Posted: Tue Mar 08, 2005 12:33 pm
by filigabriel
Any hint for solving this problem ??

In the worst case (a string with 50,000 same character), the solution is greater than 500,000,000 L-GAP. O.K. We can manage that case.

I think, even using KMP's algrithm is not possible count all L-GAPs in time

Please, help.

Posted: Sat Mar 12, 2005 10:28 am
by ibrahim
hi filigabriel,
I can't understand the porblem. Can you help me? :D

Posted: Sat Mar 12, 2005 9:07 pm
by filigabriel
A g-Gap is defined as a string in the form UVU such that |V| = g.

For example: AALLAA is a 2-Gap taking U = AA and V = LL.
furthermore is 4-GAP because of U = A and V = ALLA and |V| = 4,
finally is not a 6-GAP, because U can not be empty.

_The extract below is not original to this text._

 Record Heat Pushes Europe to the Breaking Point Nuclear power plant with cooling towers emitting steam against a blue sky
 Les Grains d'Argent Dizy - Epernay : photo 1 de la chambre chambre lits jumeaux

The problem consists in given a string S, and a positive integer G, count all substrings S' in S such that S' is a G-Gap.

Posted: Sun Mar 13, 2005 3:44 am
by ibrahim
Thanks filigabriel, i got the problem. :D You got any hints????


Regards,
Ibrahim

Posted: Thu Mar 17, 2005 11:16 am
by ardiankp
Hmm.. still no hint? I also stuck in this problems..

any help will be appreciated :P

Thx :)

Posted: Mon May 02, 2005 10:22 am
by Gigi's Baby
Any hints ?
I could only get an O(n^2) method, but it surely got TLE.

Posted: Fri Aug 26, 2005 4:23 am
by polone
hmm...

suffix tree is not bad

we can count L-Gap strings during making the tree

I think it should work

I also wonder how the guys on ranklist deal this problem..

Posted: Fri Aug 26, 2005 11:23 pm
by Adrian Kuegel
I only solved this problem because for an bioinformatics course I had read a paper which described an algorithm how to find branching tandem repeats. I modified this algorithm for this problem. I know that the problemsetter had a different solution, he told me it is something with divide and conquer and extended kmp (knuth morris pratt algorithm) (but I don't know what he meant with extended).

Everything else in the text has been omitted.